From the womb of crisis, opportunities are born. The consumer finance sector, the active player in the current circumstances, benefited from the high inflation in Egypt.
The country’s core inflation rate rose to 24.4% year-on-year in December 2022, from 21.5% in November.
High inflation is always associated with a weak purchasing power of consumers, which has increased the demand for consumer financing services during the last period.
The Financial Regulatory Authority’s (FRA) report for November 2022 revealed an increase in the number of clients of consumer financing activity, an increase of about 109.4% compared to the same period the previous year, bringing the number of clients to 2,546 in November 2022, compared to 1,216 clients in November 2021.
The report also showed that consumer finance companies provided financing of about EGP 26.84bn during the first 11 months of 2022, compared to EGP 15.157bn during the same period in 2021, with a growth rate of about 77.1%.
Mohamed El-Fike, co-founder of the Sympl platform that specializes in Buy Now and Pay Later services, said that inflation has led to an increase in the demand for goods, but the lack of supply of goods causes the incompleteness of a large number of operations, and the biggest challenge currently is the supply of goods.
He added that the existence of the financial culture of the consumer is essential, especially since lack of awareness can cause the customer to stumble, and the regulatory authorities have added more safety to the customer by regulating the relationship, which regulates financing relationships for more than 6 months.
He estimated the growth rate of the consumer finance market at a rate of between 30 and 35% annually, according to international reports, pointing out that the financial supervision estimated the size of the market in the first year of regulating the activity at about EGP 7bn, which confirms the large size of the market.
He pointed out that the volume of internal trade in Egypt amounts to about EGP 1trn, of which EGP 400bn are funded by financial institutions, while the EGP 600bn are money managed between individuals to buy goods and others.
The FRA’s report on consumer financing activity revealed that the purchase of electrical appliances and electronics accounted for the largest percentage of the total value of the financing provided by about 37.94%, followed by the purchase of cars and vehicles by about 28.31%, and durable goods at a rate of 6.53%, and purchases issued with one invoice accounted for shops and various commercial chains at a rate of 5.80%, and furniture and home equipment at a rate of 5.78%.
Saeed Zaatar, Chairperson of the Consumer Finance Union and CEO of Contact Financial Holding, said that the volume of consumer financing activity is increasing and growing steadily during the recent period, noting that there is a direct relationship between high inflation rates and the increase in demand for consumer financing.
Zaatar explained to Daily News Egypt earlier that consumer finance companies have an important role to play in absorbing inflation through the instalment mechanism, adding that they are totally and partially linked to the interest rates set by the Central Bank, on the basis of that interest, these companies borrow from banks and then Lending to customers at different interest rates according to different risk factors.
Zaatar indicated that the companies study the customers well and give the customer according to his creditworthiness and ability to repay, and at the same time fully and completely cooperate with the “i-Score” company for credit inquiries, through which the customer’s payment history is read, as he tries to classify the customer.
A source, who refused to disclose his name in a consumer finance company, suggested that the coming months will witness a boom in the non-banking finance sector, especially in the microfinance and small and medium-sized enterprises financing sectors, and then a recession is likely to occur later in the medium term.
He expected an increase in default rates, especially in light of market fluctuations and an increase in interest rates than expected, which led to an increase in the cost of financing for customers with a shortage of resources and the crisis of importing some resources such as auto parts, soybeans and other resources, while the demand for products was stable and even increased.
He explained that consumer finance in particular will not be greatly affected, on the contrary, it will thrive because it is one of the most important tools for absorbing inflation, and it will complete the process of prosperity at least until the third quarter of 2023, and there are about 37 companies in this sector.
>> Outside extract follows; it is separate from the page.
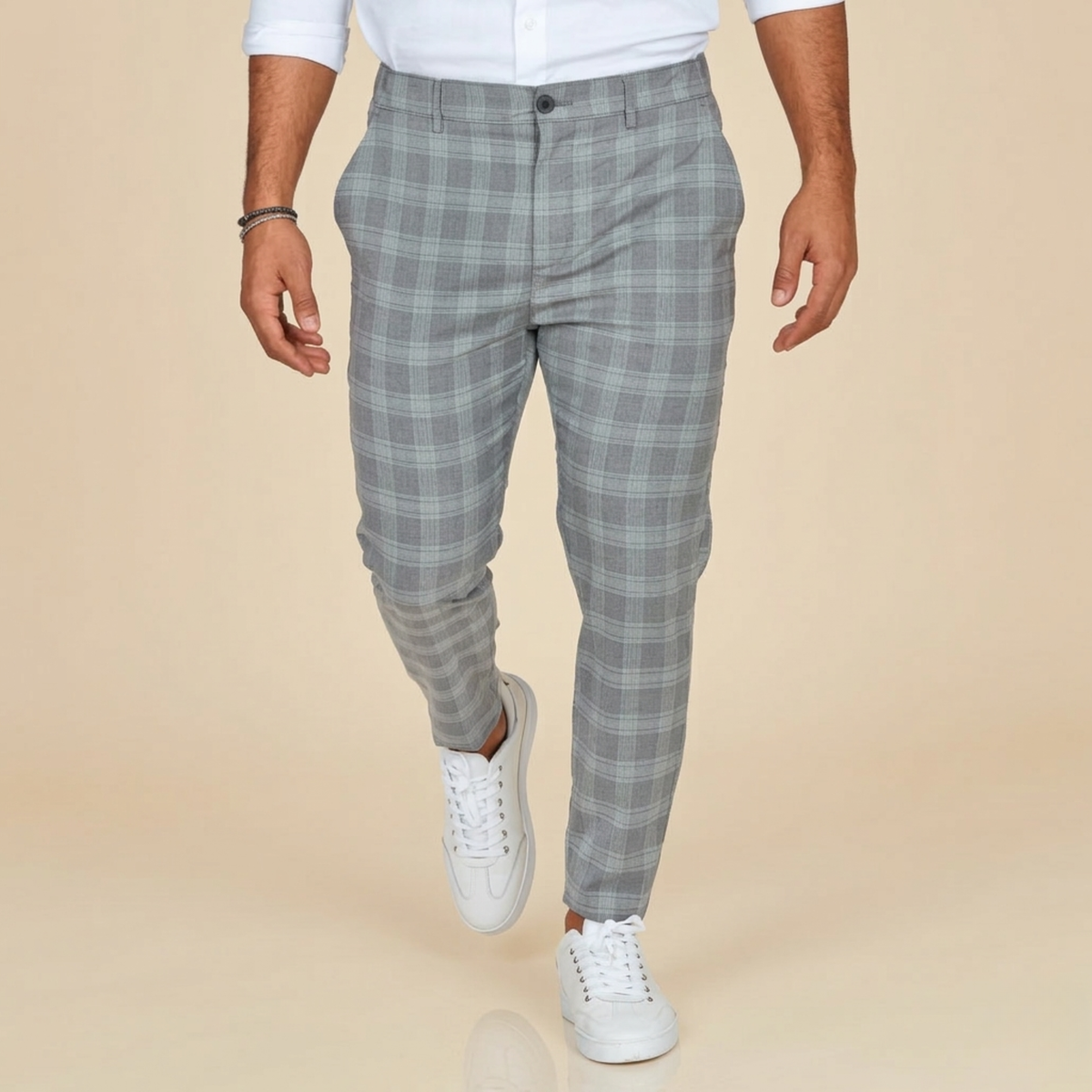 Pantaloni Uomo a Quadri Slim Fit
He also expected a significant increase in microfinance and small companies, which will cause a large increase in dealers, but on the other hand, in the medium term, it will not flourish to increase the percentage of legislation and procedures, such as stopping completions and others.
He pointed out that the increase in corridor prices twice by about 8% during the current year from the normal rate, led to an increase in average interest rates, but at different rates from one entity to the other borne by the customer.
He added that the increase in consumer financing is due to the increase in inflation, with it being one of the most important mechanisms for fighting inflation, and it is likely that its boom will continue to thrive until next June, explaining that the allocations will cover default rates in consumer financing, but it will not be able to finance micro and medium financing.